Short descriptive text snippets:
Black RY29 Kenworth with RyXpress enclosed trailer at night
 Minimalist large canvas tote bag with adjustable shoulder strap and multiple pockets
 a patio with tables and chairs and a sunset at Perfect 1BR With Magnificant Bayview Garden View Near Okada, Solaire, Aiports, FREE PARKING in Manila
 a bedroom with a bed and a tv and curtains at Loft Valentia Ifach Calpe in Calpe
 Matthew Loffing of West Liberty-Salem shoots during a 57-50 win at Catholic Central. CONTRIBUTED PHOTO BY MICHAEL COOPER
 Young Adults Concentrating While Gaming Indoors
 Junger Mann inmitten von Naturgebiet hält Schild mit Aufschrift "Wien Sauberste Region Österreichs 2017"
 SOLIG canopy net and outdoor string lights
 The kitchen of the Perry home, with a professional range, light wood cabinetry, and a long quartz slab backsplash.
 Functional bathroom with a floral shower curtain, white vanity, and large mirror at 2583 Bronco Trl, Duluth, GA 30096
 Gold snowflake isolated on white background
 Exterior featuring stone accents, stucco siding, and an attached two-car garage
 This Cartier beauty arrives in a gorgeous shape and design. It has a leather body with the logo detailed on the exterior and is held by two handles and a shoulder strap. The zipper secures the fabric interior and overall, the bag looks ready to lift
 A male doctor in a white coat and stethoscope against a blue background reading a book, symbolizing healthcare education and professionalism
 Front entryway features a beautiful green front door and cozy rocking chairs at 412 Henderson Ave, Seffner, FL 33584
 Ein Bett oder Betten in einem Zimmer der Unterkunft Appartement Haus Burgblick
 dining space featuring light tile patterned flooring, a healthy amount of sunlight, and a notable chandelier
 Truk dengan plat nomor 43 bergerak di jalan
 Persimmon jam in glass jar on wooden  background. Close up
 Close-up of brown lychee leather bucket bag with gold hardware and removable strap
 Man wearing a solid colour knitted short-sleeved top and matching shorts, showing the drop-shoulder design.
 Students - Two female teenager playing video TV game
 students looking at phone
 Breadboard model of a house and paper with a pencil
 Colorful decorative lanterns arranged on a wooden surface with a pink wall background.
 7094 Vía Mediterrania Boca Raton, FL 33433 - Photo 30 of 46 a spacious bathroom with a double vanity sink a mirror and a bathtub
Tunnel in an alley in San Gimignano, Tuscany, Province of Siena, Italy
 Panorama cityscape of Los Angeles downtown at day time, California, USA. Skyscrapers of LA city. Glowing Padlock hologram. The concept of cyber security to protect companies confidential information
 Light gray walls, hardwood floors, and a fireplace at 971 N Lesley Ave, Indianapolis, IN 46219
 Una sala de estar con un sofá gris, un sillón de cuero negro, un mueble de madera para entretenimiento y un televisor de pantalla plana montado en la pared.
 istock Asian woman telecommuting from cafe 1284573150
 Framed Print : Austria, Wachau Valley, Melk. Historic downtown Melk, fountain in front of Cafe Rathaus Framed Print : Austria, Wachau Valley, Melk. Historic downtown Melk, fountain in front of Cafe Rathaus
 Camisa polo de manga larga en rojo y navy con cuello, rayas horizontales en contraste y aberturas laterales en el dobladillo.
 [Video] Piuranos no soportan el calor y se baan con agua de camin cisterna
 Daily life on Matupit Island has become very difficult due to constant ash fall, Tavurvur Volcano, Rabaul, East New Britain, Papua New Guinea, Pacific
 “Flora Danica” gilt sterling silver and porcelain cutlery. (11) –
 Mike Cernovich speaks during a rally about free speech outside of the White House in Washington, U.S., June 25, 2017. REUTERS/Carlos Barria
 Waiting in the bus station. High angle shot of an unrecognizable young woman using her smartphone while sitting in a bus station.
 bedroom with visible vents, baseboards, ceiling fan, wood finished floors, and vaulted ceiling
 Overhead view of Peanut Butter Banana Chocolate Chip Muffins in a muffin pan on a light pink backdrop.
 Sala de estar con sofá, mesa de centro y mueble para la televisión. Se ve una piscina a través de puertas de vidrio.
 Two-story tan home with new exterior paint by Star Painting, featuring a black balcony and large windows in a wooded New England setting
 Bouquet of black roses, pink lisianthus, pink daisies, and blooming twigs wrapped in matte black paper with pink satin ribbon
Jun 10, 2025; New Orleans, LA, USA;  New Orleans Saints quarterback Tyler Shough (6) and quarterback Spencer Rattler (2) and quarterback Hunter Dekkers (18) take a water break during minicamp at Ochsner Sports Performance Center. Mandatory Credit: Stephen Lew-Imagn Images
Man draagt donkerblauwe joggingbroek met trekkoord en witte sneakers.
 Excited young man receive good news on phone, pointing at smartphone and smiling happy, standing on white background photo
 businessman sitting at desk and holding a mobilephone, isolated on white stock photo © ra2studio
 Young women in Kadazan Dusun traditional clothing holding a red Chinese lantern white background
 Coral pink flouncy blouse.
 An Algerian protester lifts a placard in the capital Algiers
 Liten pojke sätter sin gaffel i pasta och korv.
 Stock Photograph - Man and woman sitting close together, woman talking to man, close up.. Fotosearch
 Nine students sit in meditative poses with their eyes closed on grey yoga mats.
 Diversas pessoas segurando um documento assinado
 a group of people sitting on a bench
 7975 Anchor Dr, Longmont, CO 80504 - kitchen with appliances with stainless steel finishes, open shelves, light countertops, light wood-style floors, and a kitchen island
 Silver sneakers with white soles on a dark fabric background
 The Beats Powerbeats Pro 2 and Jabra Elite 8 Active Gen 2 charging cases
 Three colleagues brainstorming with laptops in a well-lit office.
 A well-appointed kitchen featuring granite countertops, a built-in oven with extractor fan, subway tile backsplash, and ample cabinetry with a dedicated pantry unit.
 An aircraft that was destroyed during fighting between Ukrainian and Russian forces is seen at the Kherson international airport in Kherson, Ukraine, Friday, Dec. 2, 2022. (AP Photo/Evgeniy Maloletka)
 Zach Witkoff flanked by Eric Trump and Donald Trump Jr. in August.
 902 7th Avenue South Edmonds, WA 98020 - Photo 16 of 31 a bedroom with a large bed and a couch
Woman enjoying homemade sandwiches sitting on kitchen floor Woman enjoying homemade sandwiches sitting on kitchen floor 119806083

- _PROBLEM DESCRIPTION_
Repeat each entry exactly as it was given.

- _WRITTEN RESPONSE_
Black RY29 Kenworth with RyXpress enclosed trailer at night
 Minimalist large canvas tote bag with adjustable shoulder strap and multiple pockets
 a patio with tables and chairs and a sunset at Perfect 1BR With Magnificant Bayview Garden View Near Okada, Solaire, Aiports, FREE PARKING in Manila
 a bedroom with a bed and a tv and curtains at Loft Valentia Ifach Calpe in Calpe
 Matthew Loffing of West Liberty-Salem shoots during a 57-50 win at Catholic Central. CONTRIBUTED PHOTO BY MICHAEL COOPER
 Young Adults Concentrating While Gaming Indoors
 Junger Mann inmitten von Naturgebiet hält Schild mit Aufschrift "Wien Sauberste Region Österreichs 2017"
 SOLIG canopy net and outdoor string lights
 The kitchen of the Perry home, with a professional range, light wood cabinetry, and a long quartz slab backsplash.
 Functional bathroom with a floral shower curtain, white vanity, and large mirror at 2583 Bronco Trl, Duluth, GA 30096
 Gold snowflake isolated on white background
 Exterior featuring stone accents, stucco siding, and an attached two-car garage
 This Cartier beauty arrives in a gorgeous shape and design. It has a leather body with the logo detailed on the exterior and is held by two handles and a shoulder strap. The zipper secures the fabric interior and overall, the bag looks ready to lift
 A male doctor in a white coat and stethoscope against a blue background reading a book, symbolizing healthcare education and professionalism
 Front entryway features a beautiful green front door and cozy rocking chairs at 412 Henderson Ave, Seffner, FL 33584
 Ein Bett oder Betten in einem Zimmer der Unterkunft Appartement Haus Burgblick
 dining space featuring light tile patterned flooring, a healthy amount of sunlight, and a notable chandelier
 Truk dengan plat nomor 43 bergerak di jalan
 Persimmon jam in glass jar on wooden  background. Close up
 Close-up of brown lychee leather bucket bag with gold hardware and removable strap
 Man wearing a solid colour knitted short-sleeved top and matching shorts, showing the drop-shoulder design.
 Students - Two female teenager playing video TV game
 students looking at phone
 Breadboard model of a house and paper with a pencil
 Colorful decorative lanterns arranged on a wooden surface with a pink wall background.
 7094 Vía Mediterrania Boca Raton, FL 33433 - Photo 30 of 46 a spacious bathroom with a double vanity sink a mirror and a bathtub
Tunnel in an alley in San Gimignano, Tuscany, Province of Siena, Italy
 Panorama cityscape of Los Angeles downtown at day time, California, USA. Skyscrapers of LA city. Glowing Padlock hologram. The concept of cyber security to protect companies confidential information
 Light gray walls, hardwood floors, and a fireplace at 971 N Lesley Ave, Indianapolis, IN 46219
 Una sala de estar con un sofá gris, un sillón de cuero negro, un mueble de madera para entretenimiento y un televisor de pantalla plana montado en la pared.
 istock Asian woman telecommuting from cafe 1284573150
 Framed Print : Austria, Wachau Valley, Melk. Historic downtown Melk, fountain in front of Cafe Rathaus Framed Print : Austria, Wachau Valley, Melk. Historic downtown Melk, fountain in front of Cafe Rathaus
 Camisa polo de manga larga en rojo y navy con cuello, rayas horizontales en contraste y aberturas laterales en el dobladillo.
 [Video] Piuranos no soportan el calor y se baan con agua de camin cisterna
 Daily life on Matupit Island has become very difficult due to constant ash fall, Tavurvur Volcano, Rabaul, East New Britain, Papua New Guinea, Pacific
 “Flora Danica” gilt sterling silver and porcelain cutlery. (11) –
 Mike Cernovich speaks during a rally about free speech outside of the White House in Washington, U.S., June 25, 2017. REUTERS/Carlos Barria
 Waiting in the bus station. High angle shot of an unrecognizable young woman using her smartphone while sitting in a bus station.
 bedroom with visible vents, baseboards, ceiling fan, wood finished floors, and vaulted ceiling
 Overhead view of Peanut Butter Banana Chocolate Chip Muffins in a muffin pan on a light pink backdrop.
 Sala de estar con sofá, mesa de centro y mueble para la televisión. Se ve una piscina a través de puertas de vidrio.
 Two-story tan home with new exterior paint by Star Painting, featuring a black balcony and large windows in a wooded New England setting
 Bouquet of black roses, pink lisianthus, pink daisies, and blooming twigs wrapped in matte black paper with pink satin ribbon
Jun 10, 2025; New Orleans, LA, USA;  New Orleans Saints quarterback Tyler Shough (6) and quarterback Spencer Rattler (2) and quarterback Hunter Dekkers (18) take a water break during minicamp at Ochsner Sports Performance Center. Mandatory Credit: Stephen Lew-Imagn Images
Man draagt donkerblauwe joggingbroek met trekkoord en witte sneakers.
 Excited young man receive good news on phone, pointing at smartphone and smiling happy, standing on white background photo
 businessman sitting at desk and holding a mobilephone, isolated on white stock photo © ra2studio
 Young women in Kadazan Dusun traditional clothing holding a red Chinese lantern white background
 Coral pink flouncy blouse.
 An Algerian protester lifts a placard in the capital Algiers
 Liten pojke sätter sin gaffel i pasta och korv.
 Stock Photograph - Man and woman sitting close together, woman talking to man, close up.. Fotosearch
 Nine students sit in meditative poses with their eyes closed on grey yoga mats.
 Diversas pessoas segurando um documento assinado
 a group of people sitting on a bench
 7975 Anchor Dr, Longmont, CO 80504 - kitchen with appliances with stainless steel finishes, open shelves, light countertops, light wood-style floors, and a kitchen island
 Silver sneakers with white soles on a dark fabric background
 The Beats Powerbeats Pro 2 and Jabra Elite 8 Active Gen 2 charging cases
 Three colleagues brainstorming with laptops in a well-lit office.
 A well-appointed kitchen featuring granite countertops, a built-in oven with extractor fan, subway tile backsplash, and ample cabinetry with a dedicated pantry unit.
 An aircraft that was destroyed during fighting between Ukrainian and Russian forces is seen at the Kherson international airport in Kherson, Ukraine, Friday, Dec. 2, 2022. (AP Photo/Evgeniy Maloletka)
 Zach Witkoff flanked by Eric Trump and Donald Trump Jr. in August.
 902 7th Avenue South Edmonds, WA 98020 - Photo 16 of 31 a bedroom with a large bed and a couch
Woman enjoying homemade sandwiches sitting on kitchen floor Woman enjoying homemade sandwiches sitting on kitchen floor 119806083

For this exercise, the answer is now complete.